Resham and Tilla Thread Artistry: Silk and Metal in Zardozi | Daroodi
Definitions Resham Tilla Design Roles Garments Authenticity FAQs

Luxury Heritage Fashion | Bahawalpur, Pakistan

Resham & Tilla
Thread Artistry

If dabka coil work gives zardozi its three-dimensional architecture, then resham and tilla are the paint and the gilding that bring the architecture to life.

Explore the Artistry

Key Takeaways

  • Resham is silk thread embroidery providing colour fills and definition, using satin, stem, and split stitches.
  • Tilla is flat metallic wire cut into strips and couched onto fabric for smooth, directional shimmer.
  • Used together, silk provides colour depth while metal provides light reflection—neither achieves this alone.
  • Authentic resham has natural lustre; authentic tilla is hand-couched, unlike machine-applied metallic thread.
  • Bahawalpur artisans are renowned for extraordinary colour sensitivity and cutting precision.

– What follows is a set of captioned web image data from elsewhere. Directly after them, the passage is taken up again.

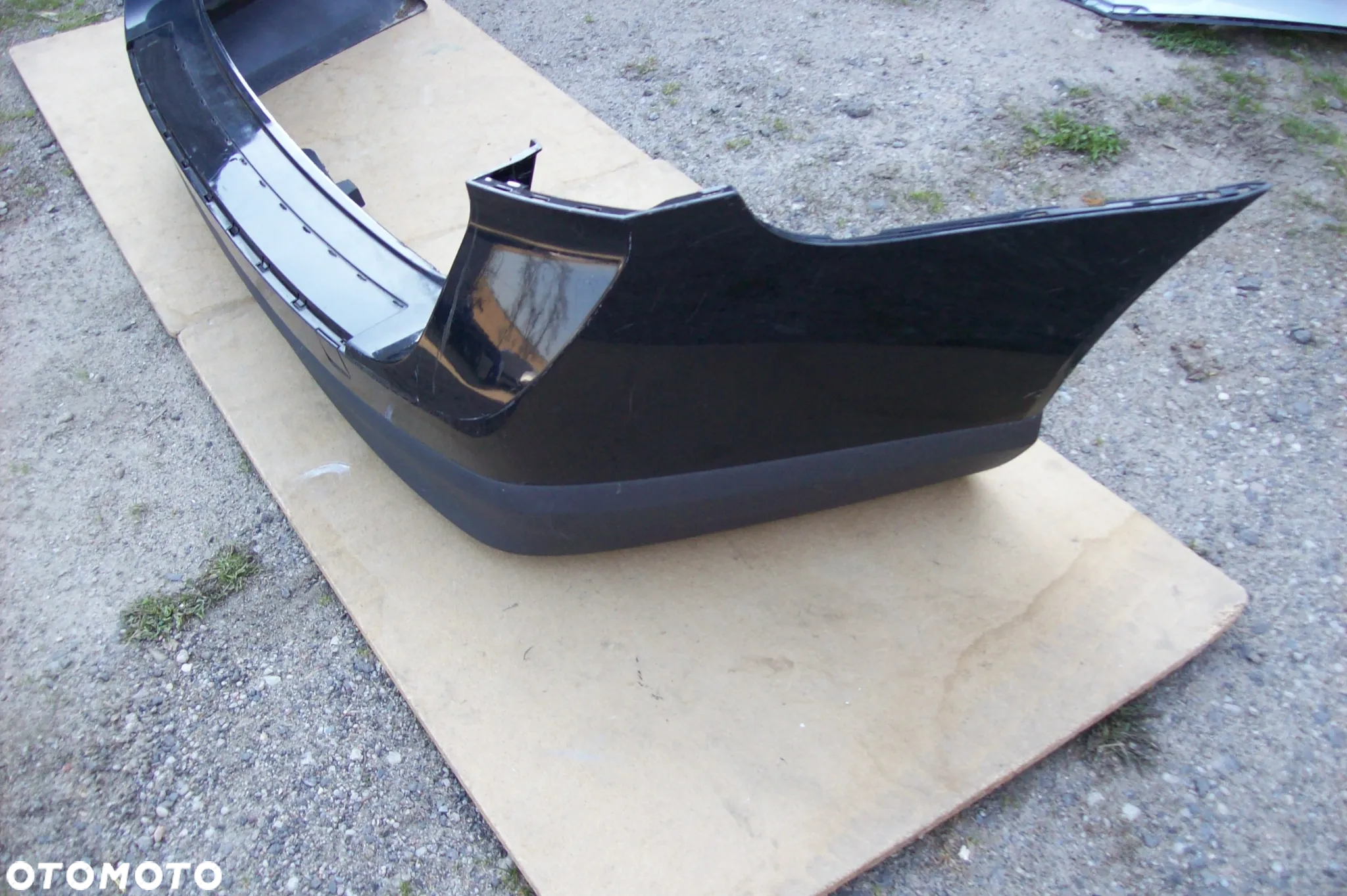 ZDERZAK TYLNY VOLVO V70 KOMBI ROK 06/11 - 3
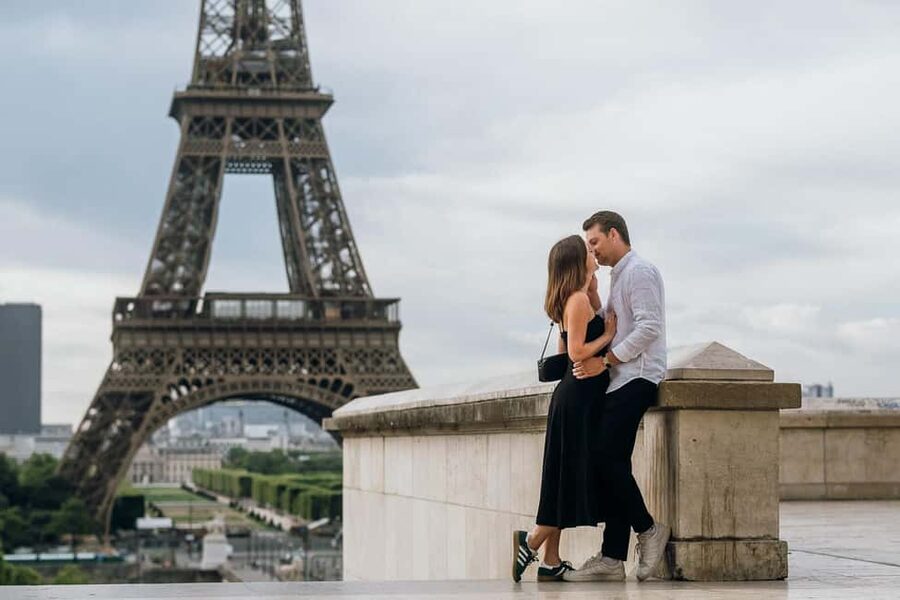 Paris: Private Eiffel Tower Photoshoot for Couples & Family - Why This Photoshoot Works for a Paris Trip
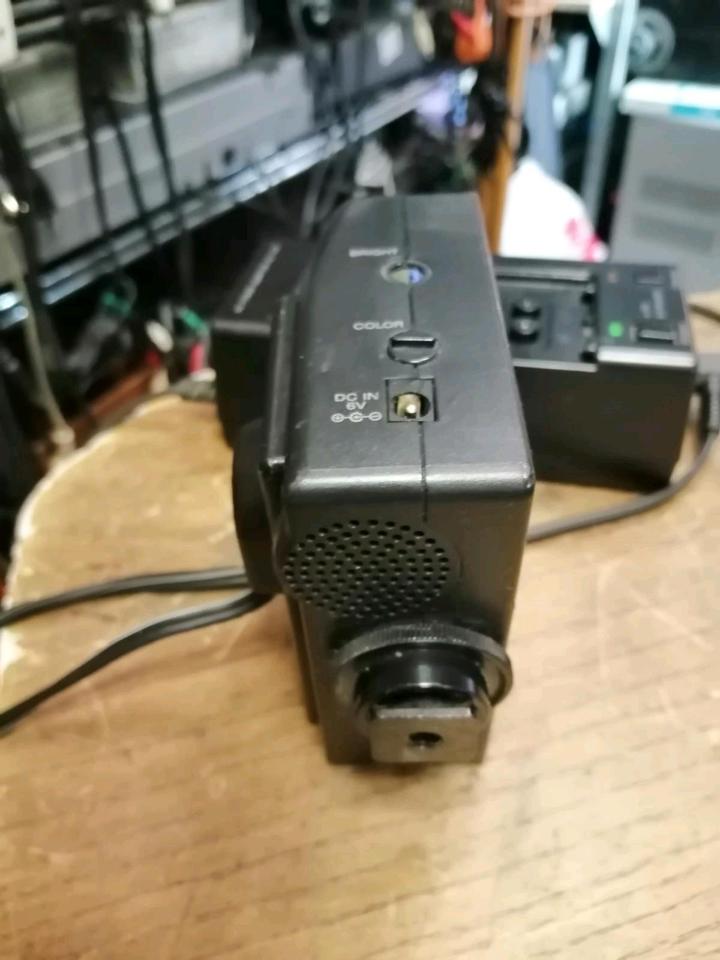 SONY XV-M30E, LCD COLOR MONITOR mit Zubehör!!!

Resham is the technique of hand-embroidering with silk thread to create coloured fills, outlines, and details within a zardozi design. Tilla is the technique of couching flat metallic wire onto fabric to create smooth, reflective surfaces. In premium zardozi work, resham provides colour depth and organic warmth while tilla provides metallic lustre and structural definition.

Resham: The Art of Silk

Operating across the full spectrum of visible colour, the artisan must select, blend, and place thread colours with the sensitivity of a painter.

Satin Stitch

The foundation of resham fill work. Thread is passed in parallel lines, creating a smooth, satin-like surface with a directional sheen that changes as the viewing angle shifts.

Stem Stitch

Creates a rope-like line ideal for outlines and tendrils. Each new stitch begins partway along the previous, creating a slightly twisted, raised line with spiral texture.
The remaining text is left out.